The Pit

Arms flailing, bodies flying, sweat dripping, blood spilling, anarchy, chaos, stupidity. All these things might seem correct if one was watching from the outside. But on the inside things happen differently. Smiles, high fives, dancing, and camaraderie appear, instead. People helping those who have fallen down. People sharing their last sip of water, even though it means their own throat will stay parched for the remainder of the day. People doing the impossible as they bend over under the crush of the crowd, searching for the lost hat of someone they have never met nor will ever see again. This is what happens inside the most intense of all places, the mosh pit.

I first came in contact with a pit on my eighteenth birthday. I had heard the rumors, even seen some of the injuries from classmates. I feared for my life as we arrived that fateful day for a huge three-band concert featuring Suicidal Tendencies, Danzig, and Metallica. I stood nervously by my friends, anxiously awaiting the first band, but nervously dreading their taking the stage. As I gazed about me I saw the long hair, the black tee-shirts, breathed in the dust, cigarette smoke, all tinted with the then unknown scent of marijuana. Scantily clad women, their mouths emitting the scent of cheap vodka and whiskey, trailed behind their bare chested and inebriated boyfriends. The stage sat some 10 yards away, adorned only with lights that stood glistening in the warm sun. I felt my spine tingling with excitement as my heart raced in expectation.

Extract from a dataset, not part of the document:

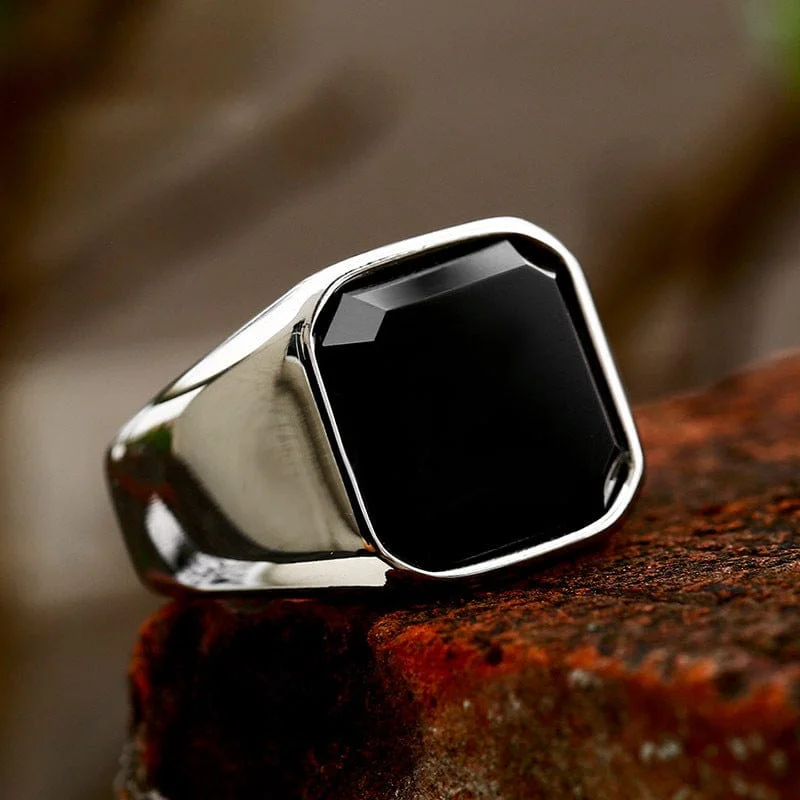 Men's Punk Black Agate Ring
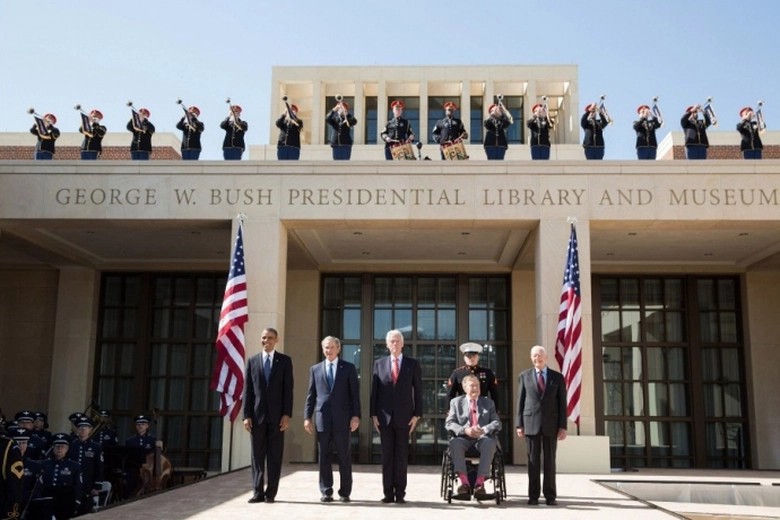 &Ocirc;ng Obama chụp ảnh c&ugrave;ng 4 cựu Tổng thống Mỹ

Then it began. Suicidal Tendencies hit the stage with their rumbling bass and growling guitars. The mass of fans crowded forward and I felt myself being led with their writhing, sweating bodies closer and closer to the stage as the mass of people became more and more compact. I was in my first mosh pit and my body tensed and relaxed in rhythm to the heavy music. There is no way to describe the feelings that went through me as I felt myself come alive and move as a single mass with all those around me. My body, gyrating and spinning, found the rhythm and moved on its own. Around me was a mish-mash of people: mohawks, skinheads, piercings, G.Q's, preppies, potheads. All were moving as one collective unit. Above me people were crowd surfing, their raised hands and exuberant faces showing so plainly the emotions they felt.

I felt like I was alone, in my own separate universe as I weaved in and out of the convulsing bodies. The music moved me and I neither felt nor heard anything but what the music repeated over and over again: life, power, vitality, be yourself and live. By the end of the day, after nearly five hours of movement, music, and moshing, I was exhausted, yet strangely invigorated. I felt as if I had gone through a rite of passage, asserted my manhood, become one with all those around me. With the music still pounding in my eardrums, I regretted having to go. The only thought on my mind was coming back and joining the fray again.

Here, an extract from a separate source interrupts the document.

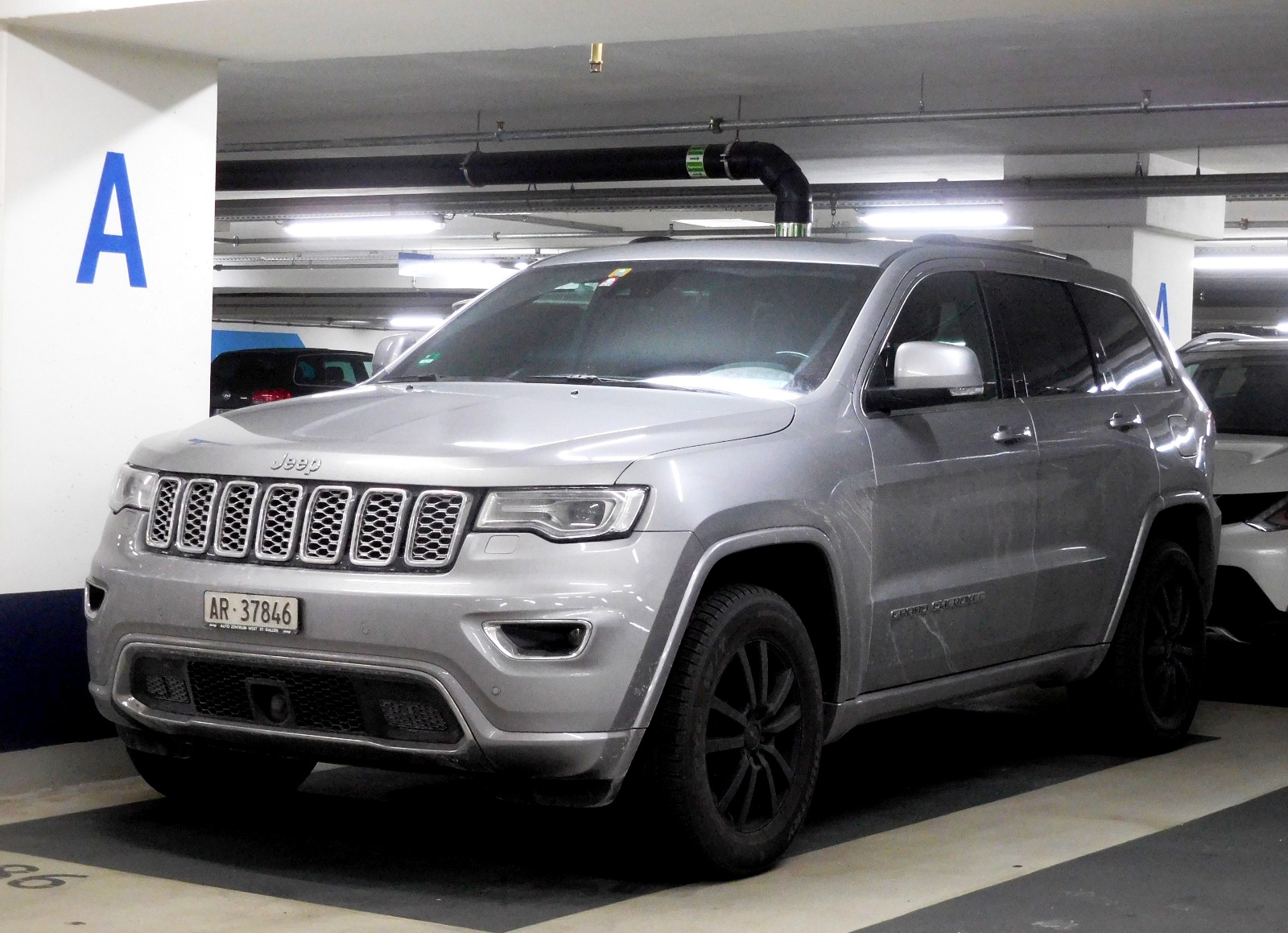 AR 37846, Jeep Grand Cherokee 4th gen (WK2), facelift, 2013–2022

Since then I have seen countless other bands perform, bands as popular as Black Sabbath or Soundgarden, or bands as unknown as Slo-Burn or Season to Risk. But they all have one thing in common: wild, thrashing mosh pits. Memories flow back like the undulating of the crowd in a vicious pit. I see before me the crowd open up as two dozen people decide it is time for their own pit. People stop dancing, instead forming a circle around these two dozen, watching as they slam into each other at high speed, arms flailing, legs moving crazily to the rhythm of the music. All stand in awe as the most insane of the crowd pound into each other. I boldly step in, my body moving to the sounds of the most intense music, be it Sepultura's Chaos A.D., Rage Against the Machine's Killing in the Name, or even the lost Sabbath classic, War Pigs. I slam into a mountain of a man, like a linebacker hitting a fullback, except without the pads. My body bounces off as I stumble around, feeling the music, feeling the eyes of the crowd on me, feeling the bodies around me tense in a spasm of exuberance. Instinct takes over as every inhibition to conform, to follow the rules that have been pounded into my brain since my birth, flows into the gathering dust. Life seems simple as my brain recedes and my body takes control, the energy pulsating through my limbs into my very soul.

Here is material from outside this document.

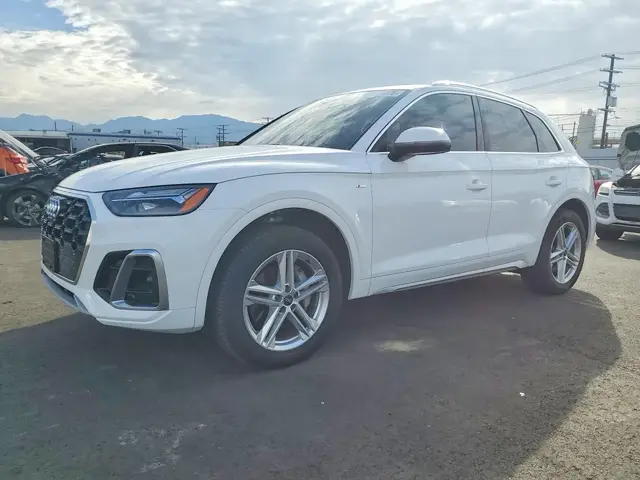 AUDI Q5 E PREMIUM PLUS 2022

I am no longer a rookie in my first pit, having seen and survived many concerts. But I still relish seeing the newbies in the crowd as they tense up before the show, only to see them enjoy the writhing of the pit and come out, much like me, exhausted and happy. I have seen bands throw their guitars, their musical lifeblood, into the crowd as thanks for the crowd's fervor. I have seen people dive for picks, clothes, and drumsticks, all for a tangible memory of a great concert. I have had band members crowd surf over me after a stage dive, people clamoring all around trying to touch their idols. I have seen people from totally different worlds-punks and metalheads, dropouts and Deans listers, 15 year olds and 40 year olds-come together and express themselves without saying a word. Not everything is as it seems.

Granted, a mosh pit is not for everyone. At times they can be violent, destructive and obnoxious. But so can the real world. Nowhere else can you have such controlled chaos. Nowhere else can you reject all of societies misplaced ideas and become totally free. Nowhere else can you feel the music instead of just hearing it. Nowhere else can you truly feel alive.